The $25,000 Disappointment
After four continuous days of churning through hundreds of yards of raw Yukon earth, the crew gathered around the scales for the season’s inaugural clean-up. The mood turned icy as the final tally registered a meager 12.35 ounces of gold, valued at roughly $25,000.
For an operation of this scale, averaging fewer than three ounces of gold a day is a financial disaster. The meager haul fails to cover basic overhead, let alone fuel, equipment maintenance, or crew wages.
“That’s a big waste of time right there,” a visibly frustrated Ness admitted, staring at the minor pile of gold. “It doesn’t even start the list of things that it has to pay for.”

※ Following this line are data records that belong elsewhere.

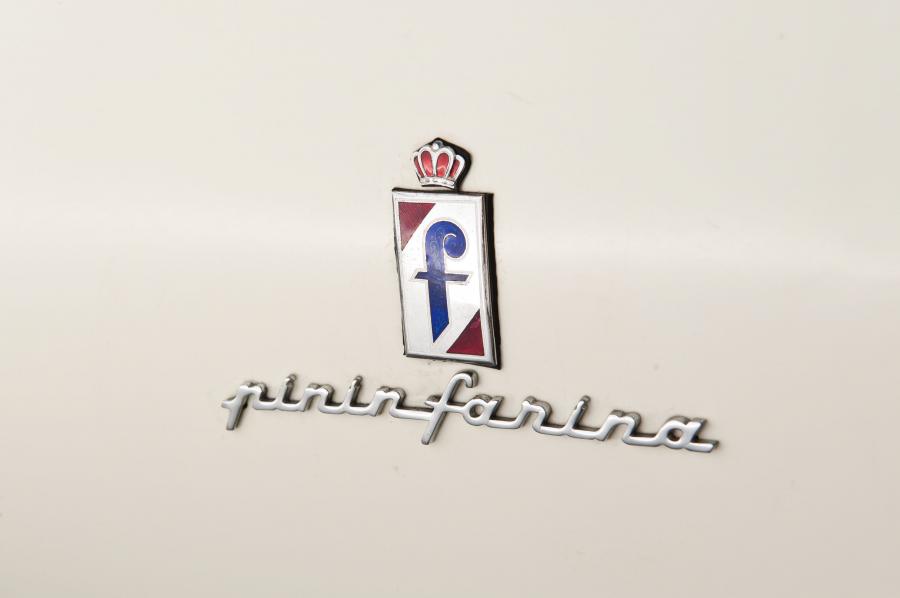  Ferrari 250 GT Cabriolet by Pininfarina 1961 года  (фото 46 из 62)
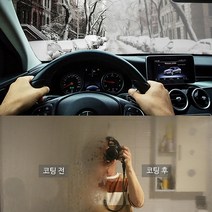 성에 습기 제거 김서림 방지제 차 앞유리 자동차 성애제거제, 본품 1개
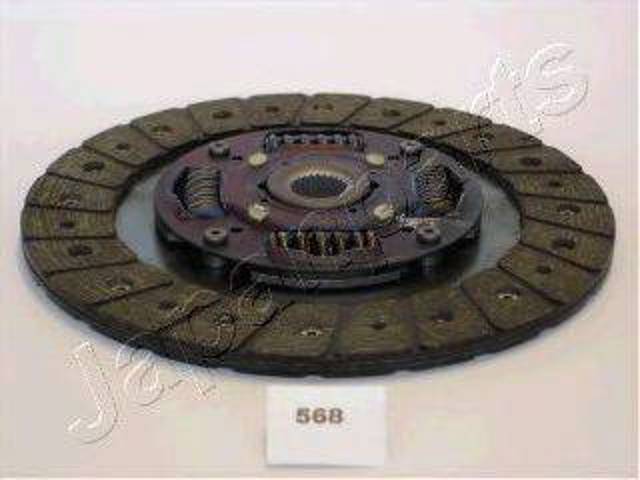 Зчеплення DF568 JAPANPARTS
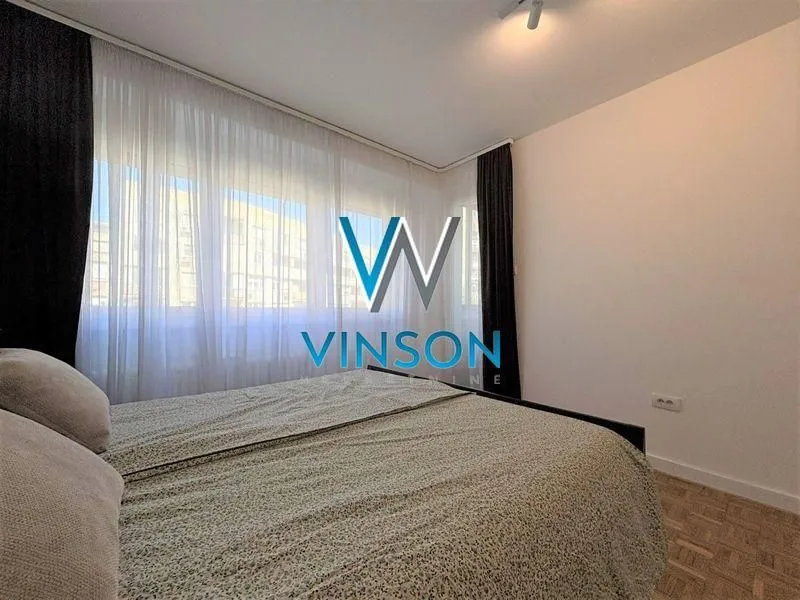 Rent, two bedroom apartment, 68m², Grbavica, Novi Sad Sve Podlokacije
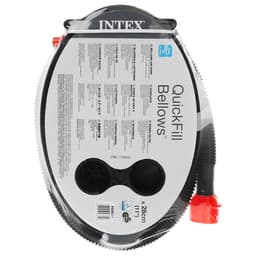 Насос ножной, 28 см, 69611 INTEX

The disappointing yield has sent shockwaves through the tight-knit crew, some of whom have tied their personal financial survival to Ness’s high-stakes gamble on the Lightning Creek claims.

A 100-Claim Lifeline
Despite the grim start and rising mutiny in the ranks, Ness remains defiant, refusing to let the slow start break his season. The veteran miner maintains that the poor showing is a failure of prospecting geography rather than a lack of gold on the property.
“That was obviously the wrong spot to start, but we can move on from that,” Ness stated, pointing out that his operation holds lease rights to over 100 unexplored claims across the bench. As the crew prepares to pack up the heavy machinery and relocate “Rocky” to unproven ground, the clock is officially ticking. In the Yukon, the frost waits for no one, and Ness has just used up his first life.